Tuesday saw a turnaround on Wall Street as inflation statistics matched expectations and regional bank shares rallied after severe declines on Monday following the failure of Silicon Valley Bank (SVB).
Six regional financial institutions continue to be closely monitored, but the regulatory reaction to safeguard depositors appears to have alleviated market fears.
In spite of this, Moody’s has lowered its outlook for the whole US banking sector from stable to negative to reflect the fast worsening of the operating environment.
The US Securities and Exchange Commission and Department of Justice have allegedly launched investigations into the failure of SVB and any share sales conducted by management prior to its closure on Friday. Investors have also launched a class action lawsuit against the parent firm, CEO, and CFO.

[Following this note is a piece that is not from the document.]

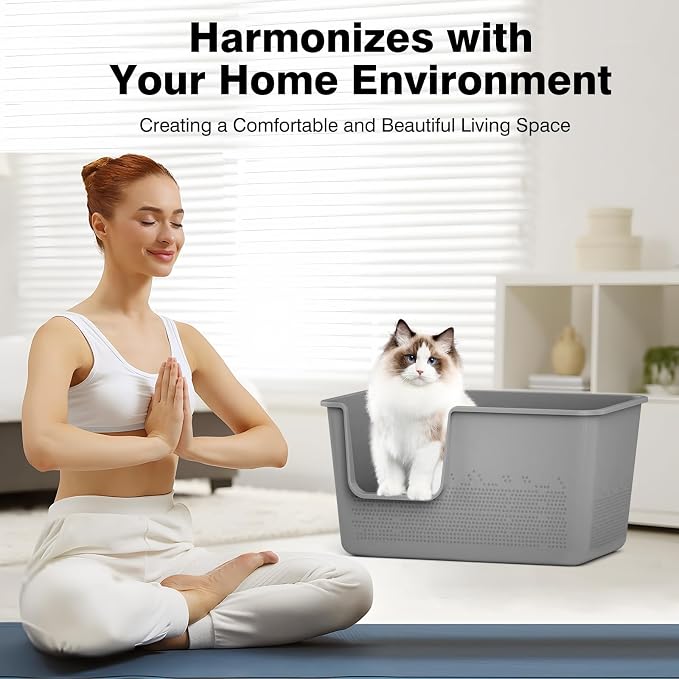Cat Litter Box with High Sided,24.8" Lx14.9 Wx13.0 H,Extra Large Cat Litter Box for Big Cats,XL Jumbo Kitty Litter Box for Indoor Cats,Tool-Free Assembly (Grey)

Tim Mayopoulos, the newly appointed CEO of SVB, has announced that the bank is once again accepting new customers and extending new loans. During the 2008 financial crisis, he led Fannie Mae as its chief executive officer to profitability.

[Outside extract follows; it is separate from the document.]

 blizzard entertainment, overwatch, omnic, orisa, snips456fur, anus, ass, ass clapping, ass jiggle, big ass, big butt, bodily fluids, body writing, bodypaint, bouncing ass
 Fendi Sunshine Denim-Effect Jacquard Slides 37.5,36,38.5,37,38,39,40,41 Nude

Robert Kiyosaki, a Wall Street guru renowned for forecasting the demise of Lehman Brothers, has identified Credit Suisse as the next large bank most likely to fail.

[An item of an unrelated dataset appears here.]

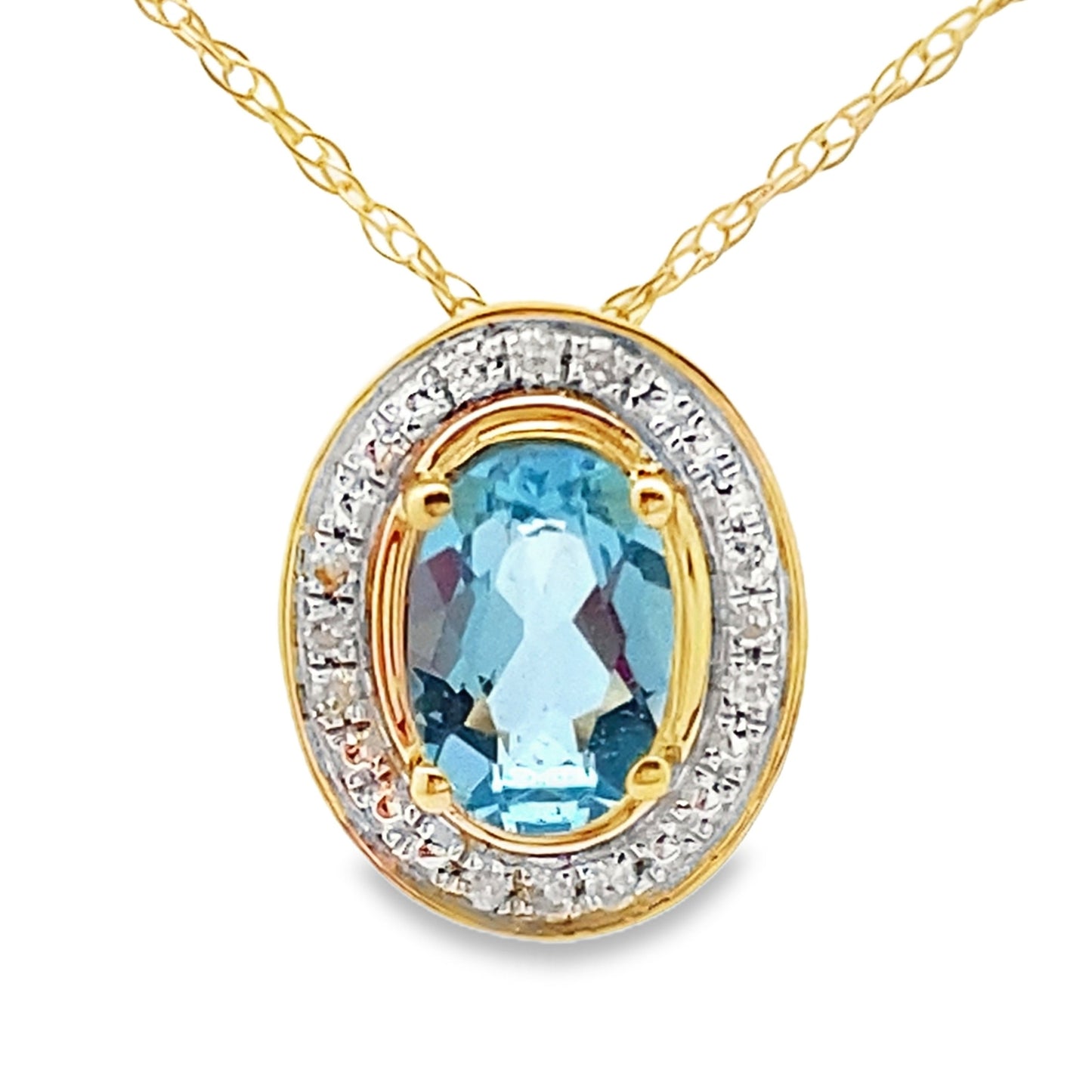 Colgantes de moda de topacio azul y diamantes en oro amarillo de 10 qt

SVB’s demise upsets the disruptors in technology.
The collapse of Silicon Valley Bank shook the technology industry, which had been the bank’s backbone, and left shattered entrepreneurs grateful for the government bailout that preserved their money as they lamented the loss of a location that functioned as a convivial invention club.
The fall of Silicon Valley Bank upsets the tech industry’s disruptors.
Silicon Valley Bank’s failure shook the technology sector, which had been the bank’s backbone, leaving shattered entrepreneurs grateful for the government bailout that rescued their money as they lamented the loss of a location that functioned as a sociable incubator of innovation.